From the volcano at bottom left to the observer at right, there are two paths that one can take on a great circle. The shorter one, of length D1 , can be covered at speed v in time T1 ; the longer, of length D2 can be covered at the same speed in time T2 . As the circumference of the great circle is D1 + D2, the time required to traverse it entirely is T1 + T2 .

So if you see four spikes, you get three ways to measure T that should all agree, as long as the shockwave moves at a constant speed and the line from the volcano to you forms a part of a great circle.  If you see three spikes you get two measurements, but even with just two spikes — no simple repeats — you still get one measurement of T.

But if the Earth’s a sphere and the wave’s speed is constant, then everyone around the world should agree on the measurement of T, even though each of us will measure a different T1, T2, T3, T4 depending on where we live.  If all our measurements of T are the same, then the assumptions we started with — that the eruption caused a circular shock wave of constant speed that moved around a spherical Earth — are consistent with the data. If they are slightly off, then our assumptions are only approximately true, but close enough to give us roughly the right idea.

Let’s grab some data from around the world and see what we get.

Data and Measurement

I obtained data from a variety of places, and did my own estimates of the spike arrival times (which can be done to within an accuracy of 30 to 90 minutes, typically). I then converted those to the time elapsed since the volcanic explosion, being careful to account for time zones and convert to UTC. In some cases I could only determine T1 and T2, but sometimes I could get T3 or even T4 . Then, I computed as many estimates of the round-trip time T that I could obtain with the two, three or four spikes from each location. All this information is given in the table below. You are encouraged to find other sources of data and try this yourself.

LocationT1T2T3T4T1 + T2T3T1T4T2
Iceland131523004915590035hr 15min36hr 00min36hr 00min
Beijing09102635452035hr 45min36hr 10min
Netherlands150021305015561536hr 30min35hr 15min34hr 45min
Hawaii, USA044531153945674536hr 00min35hr 00min36hr 30min
New Jersey, USA1115243535hr 40min
Switzerland1545210036hr 45min
Seattle, USA083027454415634536hr 15min35hr 45min36hr 00min
Southern Chile0845280536hr 50min
Miami10152530451535hr 45min35hr 00min

Remarkably, from these places that lie in wildly different directions and distances from Tonga, all of the values of T that I obtained fall between 34 3/4 hours and 36 3/4 hours, a variation of less than 10%. (I couldn’t find data from Australia, New Zealand or Southern Africa that showed multiple spikes; do you know of any?) My time measurements were often ambiguous at the 5% level, because the pressure wave often consisted of multiple spikes and dips, so just from my measurement uncertainty one would expect to see several percent variation in these values of T.
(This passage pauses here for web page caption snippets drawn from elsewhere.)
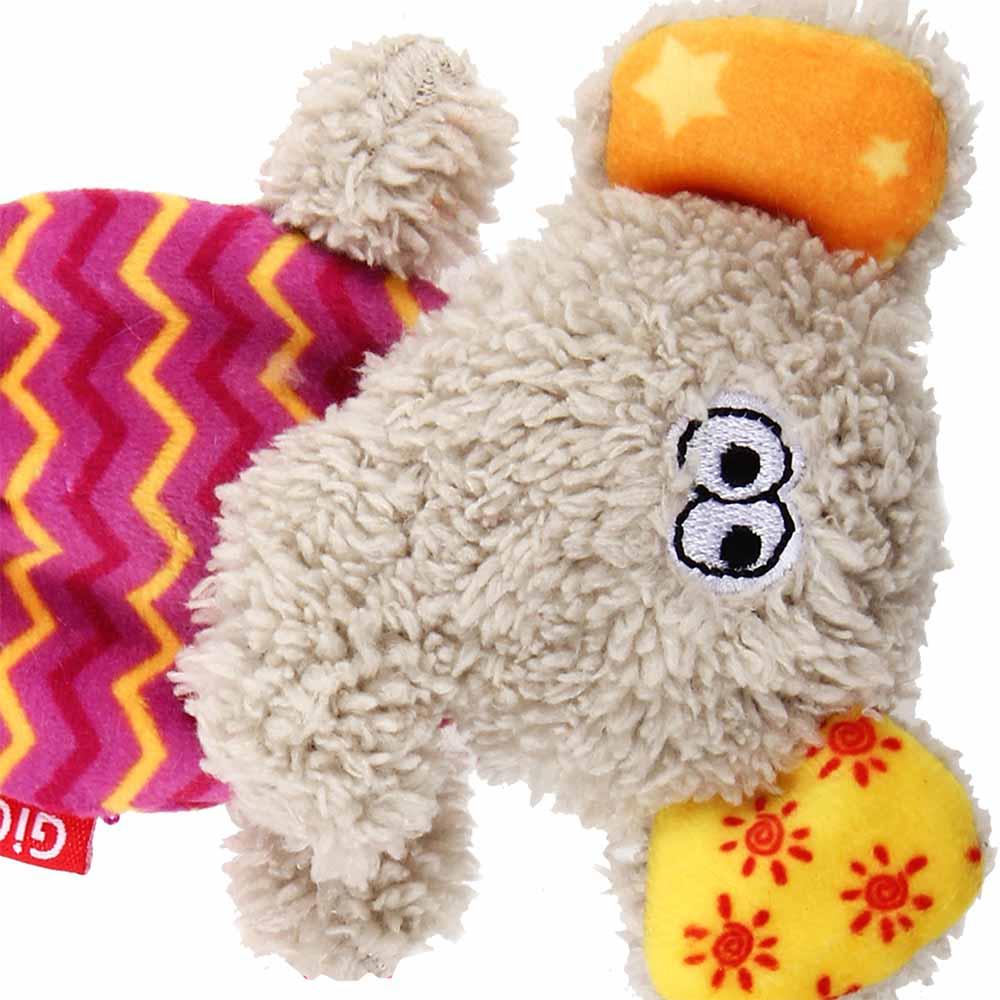 GiGwi Plush Friendz With Refillable Squeaker Dog Toy (Elephant) - Kohepets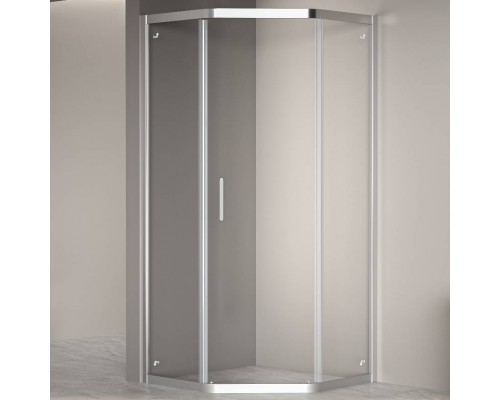 Душевой уголок RGW Passage PA-86 90х120 см, профиль хром, стекло прозрачное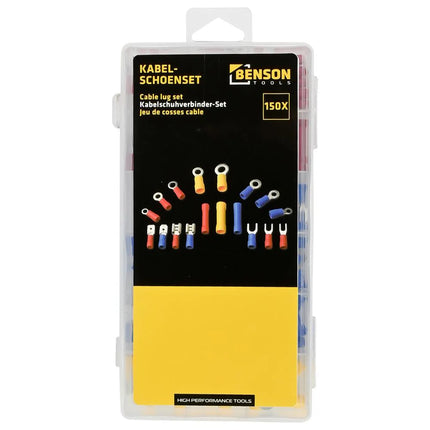 Benson Professionele Kabelschoenen Set – 150-delig – Geïsoleerd – Inclusief Sorteerkoffer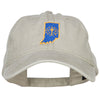 Indiana State Flag Map Embroidered Washed Cap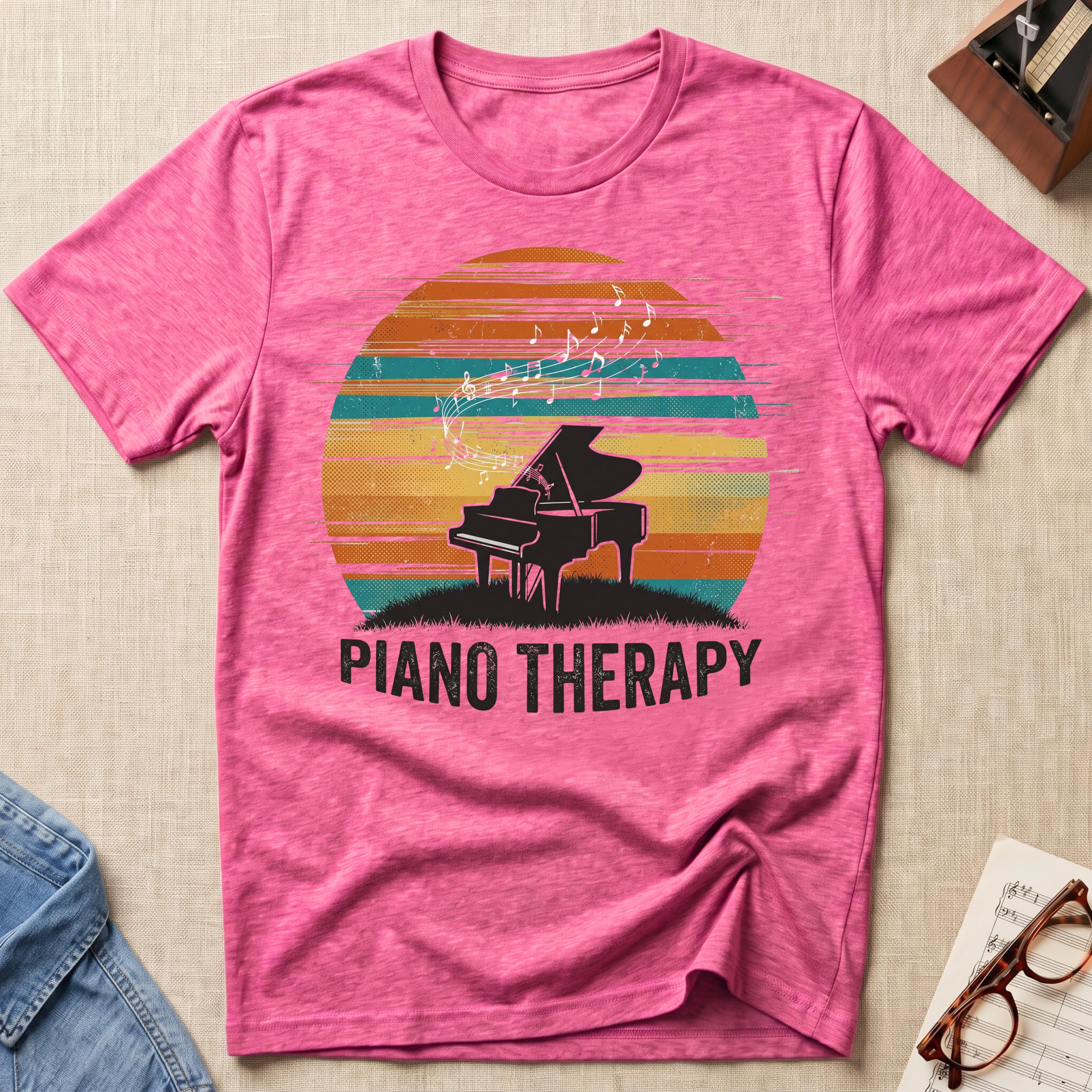 Piano Therapy Sunset T-Shirt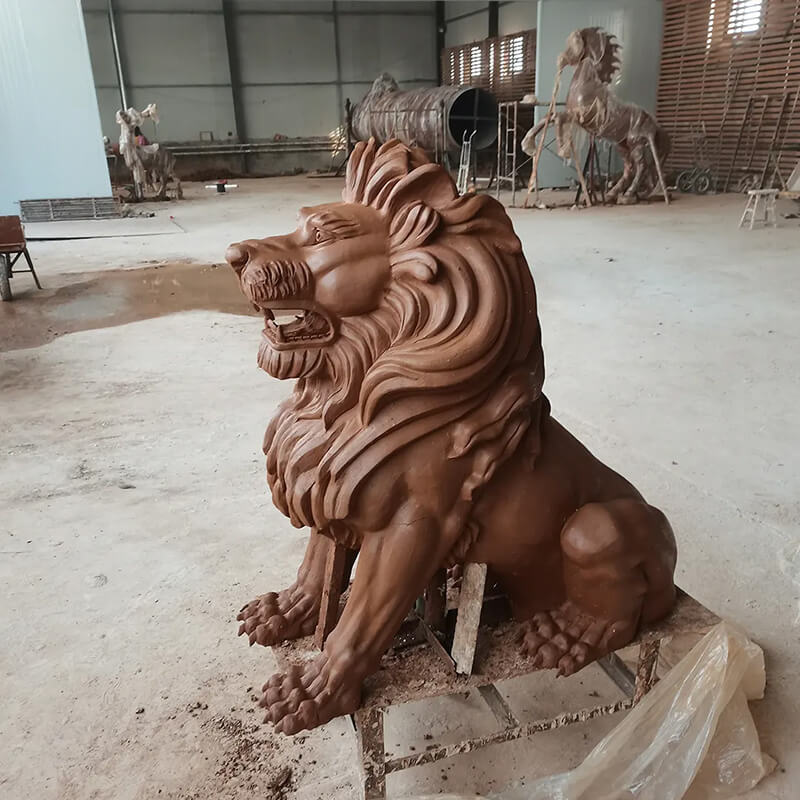 Estatuas de León para Porche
The close agreement among the values of T then implies that both of our starting assumptions — that the Earth is spherical and that the pressure wave traveled with a constant speed — are consistent with data, to better than 10%.

About the assumptions: Of course I know, from other data, that the Earth is spherical to within 2% — it is slightly squashed, so that a great circle of longitude is 2% shorter than the length of the equator. So I knew beforehand that the first assumption would be okay to 2%. But given that the speed of waves can vary with temperature and perhaps other atmospheric effects, it wasn’t obvious that the second assumption would work out. Since the numbers all agree, apparently it was more or less correct too.

Is The Earth a Sphere? Mmm… We’re Not Quite Done

So there you have it.  Within less than 10%, our assumptions of a roughly spherical Earth and a roughly circular pressure wave of roughly constant speed are consistent with data.

Is this a complete proof of a near-spherical Earth?  Nope. We’re close, but there are still loopholes.  For example, suppose the Earth looked like an ellipsoid, with the volcano placed exactly at one end. We’d all still find equal values of T. Can you see why?

If the Earth were shaped like an ellipsoid, and the Tonga volcano were exactly at one end, the measurement we just performed would also have given a universal value for the round-trip time. (Image produced with Mathematica 11.3).

There’s even a flat-earth hypothesis that we haven’t quite excluded yet! Can you identify which one? (It would easily be ruled out for other reasons, but not from this data alone.)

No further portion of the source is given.